As far as the legality to dispose of garbage on your own property, yes, that is an approved libert position Burn barrels and burying in your own backyard would be approved.

But, of course in a perfect libertarian society, everyone would care enough about their property that no one would ever want to harm it. :wink:

https://www.libertarianism.org/topics/environment

The alternative is to create a “seepage” the offending property owner does not like and then simply tell them to live with it. Suddenly, things will start to change–because everyone will agree to those changes.

Or haul oneself, as I do, every 6 to 8 weeks haul my garbage on a trailer to a transfer station 2 miles away. The transfer station has semi-sized metal containers into which the garbage is put. Those containers are winched onto large trucks and transportation 25 miles away to a landfill.

I live in a normal neighborhood, and we have private garbage pickup. Up a connecting road, maybe a half mile or more is a more-or-less Appalachia area, and there used to be one house where the garbage was simply piled up in the driveway (sunken driveway to an under-house garage).
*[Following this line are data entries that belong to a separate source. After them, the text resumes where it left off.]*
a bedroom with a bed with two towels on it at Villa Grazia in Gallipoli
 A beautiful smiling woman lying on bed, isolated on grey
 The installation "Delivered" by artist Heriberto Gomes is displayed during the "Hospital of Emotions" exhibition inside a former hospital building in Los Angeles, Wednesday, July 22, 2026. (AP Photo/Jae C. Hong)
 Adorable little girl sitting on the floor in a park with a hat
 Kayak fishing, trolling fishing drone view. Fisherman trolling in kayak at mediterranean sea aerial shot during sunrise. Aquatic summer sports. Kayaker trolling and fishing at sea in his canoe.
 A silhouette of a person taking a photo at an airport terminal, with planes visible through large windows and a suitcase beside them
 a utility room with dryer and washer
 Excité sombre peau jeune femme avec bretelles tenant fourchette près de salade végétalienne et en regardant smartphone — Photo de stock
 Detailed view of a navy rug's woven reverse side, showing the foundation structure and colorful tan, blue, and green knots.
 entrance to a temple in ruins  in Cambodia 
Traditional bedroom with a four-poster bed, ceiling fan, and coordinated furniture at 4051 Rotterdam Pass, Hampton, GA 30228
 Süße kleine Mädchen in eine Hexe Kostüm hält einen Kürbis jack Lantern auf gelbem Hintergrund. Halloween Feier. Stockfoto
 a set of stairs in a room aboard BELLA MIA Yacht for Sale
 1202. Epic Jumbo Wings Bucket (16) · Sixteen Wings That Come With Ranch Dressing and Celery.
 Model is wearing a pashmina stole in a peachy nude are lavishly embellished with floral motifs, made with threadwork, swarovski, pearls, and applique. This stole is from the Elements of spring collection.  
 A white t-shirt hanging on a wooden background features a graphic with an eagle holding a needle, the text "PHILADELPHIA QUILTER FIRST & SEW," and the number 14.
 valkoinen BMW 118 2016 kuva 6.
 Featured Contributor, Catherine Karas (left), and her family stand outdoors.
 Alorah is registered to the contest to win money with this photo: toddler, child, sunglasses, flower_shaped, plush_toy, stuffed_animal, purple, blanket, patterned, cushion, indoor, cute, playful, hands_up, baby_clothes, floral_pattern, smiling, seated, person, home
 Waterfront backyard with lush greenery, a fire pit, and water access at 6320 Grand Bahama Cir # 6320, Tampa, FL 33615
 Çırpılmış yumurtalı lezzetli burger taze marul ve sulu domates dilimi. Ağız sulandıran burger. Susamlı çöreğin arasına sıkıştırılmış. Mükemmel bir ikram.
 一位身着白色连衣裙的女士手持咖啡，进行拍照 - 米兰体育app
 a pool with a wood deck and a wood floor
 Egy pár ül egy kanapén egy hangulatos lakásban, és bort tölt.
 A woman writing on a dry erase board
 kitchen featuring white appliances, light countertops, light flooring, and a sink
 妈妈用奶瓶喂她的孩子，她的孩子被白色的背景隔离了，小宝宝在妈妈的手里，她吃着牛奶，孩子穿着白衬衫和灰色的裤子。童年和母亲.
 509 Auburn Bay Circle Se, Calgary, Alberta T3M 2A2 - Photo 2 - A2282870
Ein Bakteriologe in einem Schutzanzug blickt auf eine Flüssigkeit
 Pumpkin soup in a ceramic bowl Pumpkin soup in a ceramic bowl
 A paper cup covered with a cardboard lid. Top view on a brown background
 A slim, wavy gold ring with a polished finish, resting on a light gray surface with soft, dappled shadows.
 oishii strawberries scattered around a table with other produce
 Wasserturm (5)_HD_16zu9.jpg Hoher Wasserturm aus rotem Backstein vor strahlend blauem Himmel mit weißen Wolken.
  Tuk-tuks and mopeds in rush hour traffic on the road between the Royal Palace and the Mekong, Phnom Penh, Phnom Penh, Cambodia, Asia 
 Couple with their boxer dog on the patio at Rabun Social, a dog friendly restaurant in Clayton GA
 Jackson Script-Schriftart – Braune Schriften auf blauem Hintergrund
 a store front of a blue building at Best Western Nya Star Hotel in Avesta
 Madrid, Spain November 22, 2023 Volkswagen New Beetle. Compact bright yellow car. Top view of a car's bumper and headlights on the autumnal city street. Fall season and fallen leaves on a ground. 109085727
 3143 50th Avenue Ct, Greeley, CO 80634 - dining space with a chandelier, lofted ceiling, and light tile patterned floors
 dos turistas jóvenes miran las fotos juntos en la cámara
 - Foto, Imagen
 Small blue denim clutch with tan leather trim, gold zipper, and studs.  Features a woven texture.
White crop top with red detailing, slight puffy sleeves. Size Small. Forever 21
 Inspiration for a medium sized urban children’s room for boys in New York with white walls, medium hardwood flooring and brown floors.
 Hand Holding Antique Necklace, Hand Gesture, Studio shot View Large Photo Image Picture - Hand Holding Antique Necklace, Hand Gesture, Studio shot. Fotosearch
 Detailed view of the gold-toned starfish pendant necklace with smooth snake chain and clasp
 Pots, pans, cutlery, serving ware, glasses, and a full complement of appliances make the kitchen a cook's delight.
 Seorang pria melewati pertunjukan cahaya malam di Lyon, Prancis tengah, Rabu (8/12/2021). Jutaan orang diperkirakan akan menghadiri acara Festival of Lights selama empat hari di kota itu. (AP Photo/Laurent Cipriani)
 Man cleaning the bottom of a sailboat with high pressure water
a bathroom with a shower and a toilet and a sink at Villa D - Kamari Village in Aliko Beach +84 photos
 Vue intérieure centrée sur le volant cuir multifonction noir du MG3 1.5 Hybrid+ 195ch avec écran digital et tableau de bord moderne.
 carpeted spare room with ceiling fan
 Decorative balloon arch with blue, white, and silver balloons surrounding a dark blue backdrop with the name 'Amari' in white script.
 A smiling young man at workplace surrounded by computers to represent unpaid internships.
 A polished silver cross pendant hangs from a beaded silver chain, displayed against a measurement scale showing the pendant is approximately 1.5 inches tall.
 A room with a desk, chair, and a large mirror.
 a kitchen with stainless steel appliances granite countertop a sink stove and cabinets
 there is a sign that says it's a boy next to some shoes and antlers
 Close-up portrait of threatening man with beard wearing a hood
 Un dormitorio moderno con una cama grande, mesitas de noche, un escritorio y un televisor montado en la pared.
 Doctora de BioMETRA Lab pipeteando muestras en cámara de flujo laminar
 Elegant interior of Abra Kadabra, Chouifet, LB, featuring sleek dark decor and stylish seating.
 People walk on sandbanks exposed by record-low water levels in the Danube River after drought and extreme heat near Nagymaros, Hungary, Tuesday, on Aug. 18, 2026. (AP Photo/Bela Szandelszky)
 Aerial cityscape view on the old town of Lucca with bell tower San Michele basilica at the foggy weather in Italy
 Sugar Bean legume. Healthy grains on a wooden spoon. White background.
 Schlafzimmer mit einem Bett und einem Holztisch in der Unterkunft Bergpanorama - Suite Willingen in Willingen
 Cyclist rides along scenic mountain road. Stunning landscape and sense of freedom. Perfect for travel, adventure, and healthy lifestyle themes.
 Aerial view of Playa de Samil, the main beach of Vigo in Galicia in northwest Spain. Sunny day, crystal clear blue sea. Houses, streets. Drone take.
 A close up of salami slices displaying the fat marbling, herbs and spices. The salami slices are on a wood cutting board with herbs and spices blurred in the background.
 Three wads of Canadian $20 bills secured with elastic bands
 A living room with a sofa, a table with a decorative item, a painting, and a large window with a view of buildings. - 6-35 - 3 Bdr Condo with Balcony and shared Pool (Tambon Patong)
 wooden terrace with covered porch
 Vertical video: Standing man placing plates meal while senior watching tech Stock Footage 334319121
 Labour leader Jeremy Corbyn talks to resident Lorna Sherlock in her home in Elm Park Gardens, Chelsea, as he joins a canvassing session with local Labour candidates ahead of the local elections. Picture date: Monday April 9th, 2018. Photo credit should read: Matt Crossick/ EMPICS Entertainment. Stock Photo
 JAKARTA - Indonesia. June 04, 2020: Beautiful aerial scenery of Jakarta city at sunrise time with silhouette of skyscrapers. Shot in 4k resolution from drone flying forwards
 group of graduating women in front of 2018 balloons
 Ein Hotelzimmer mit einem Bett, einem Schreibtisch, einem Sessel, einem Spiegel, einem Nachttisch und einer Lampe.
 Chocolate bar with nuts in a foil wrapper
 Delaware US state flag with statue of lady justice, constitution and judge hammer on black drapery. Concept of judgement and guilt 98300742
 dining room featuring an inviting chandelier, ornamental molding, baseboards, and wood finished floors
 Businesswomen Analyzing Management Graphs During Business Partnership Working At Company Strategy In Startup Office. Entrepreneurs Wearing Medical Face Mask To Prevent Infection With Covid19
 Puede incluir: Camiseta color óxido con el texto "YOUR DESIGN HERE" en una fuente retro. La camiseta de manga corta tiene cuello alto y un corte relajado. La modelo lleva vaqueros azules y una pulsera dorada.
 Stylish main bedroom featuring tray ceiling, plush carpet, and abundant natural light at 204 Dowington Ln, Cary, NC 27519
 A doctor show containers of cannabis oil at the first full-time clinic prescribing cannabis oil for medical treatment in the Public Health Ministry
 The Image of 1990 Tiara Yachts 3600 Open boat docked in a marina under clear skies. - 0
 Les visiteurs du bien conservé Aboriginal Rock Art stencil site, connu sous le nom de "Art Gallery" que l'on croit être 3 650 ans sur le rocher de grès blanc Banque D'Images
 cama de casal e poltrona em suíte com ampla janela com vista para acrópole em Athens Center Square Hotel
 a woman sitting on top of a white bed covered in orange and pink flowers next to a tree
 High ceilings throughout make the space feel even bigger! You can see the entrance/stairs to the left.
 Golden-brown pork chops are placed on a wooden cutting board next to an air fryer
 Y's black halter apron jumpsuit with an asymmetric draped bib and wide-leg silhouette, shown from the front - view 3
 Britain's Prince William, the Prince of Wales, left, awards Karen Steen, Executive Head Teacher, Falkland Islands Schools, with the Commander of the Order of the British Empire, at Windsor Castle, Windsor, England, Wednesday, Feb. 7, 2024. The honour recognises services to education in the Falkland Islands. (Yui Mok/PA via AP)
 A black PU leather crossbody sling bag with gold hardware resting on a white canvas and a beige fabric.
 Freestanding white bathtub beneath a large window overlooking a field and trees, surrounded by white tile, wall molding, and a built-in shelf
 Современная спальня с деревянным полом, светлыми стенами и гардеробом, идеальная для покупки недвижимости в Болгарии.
It piled up and piled up until at last (I assume) the neighbors complained about rats and smell or whatever, and the county came by and told them to clean it up. They eventually did, and then moved out. Too much gummint interference for their taste, I guess.

What if there isn’t “seepage” but there are rats? What is the libertarian answer to that? Live with it?

Sure. And in a perfect communistic society nobody ever complains because everybody gets what they need. And in a perfect capitalist society there is no rapacious greed, and in a perfect… oh, what’s the use?

Ya, that and the social pressure of your neighbors.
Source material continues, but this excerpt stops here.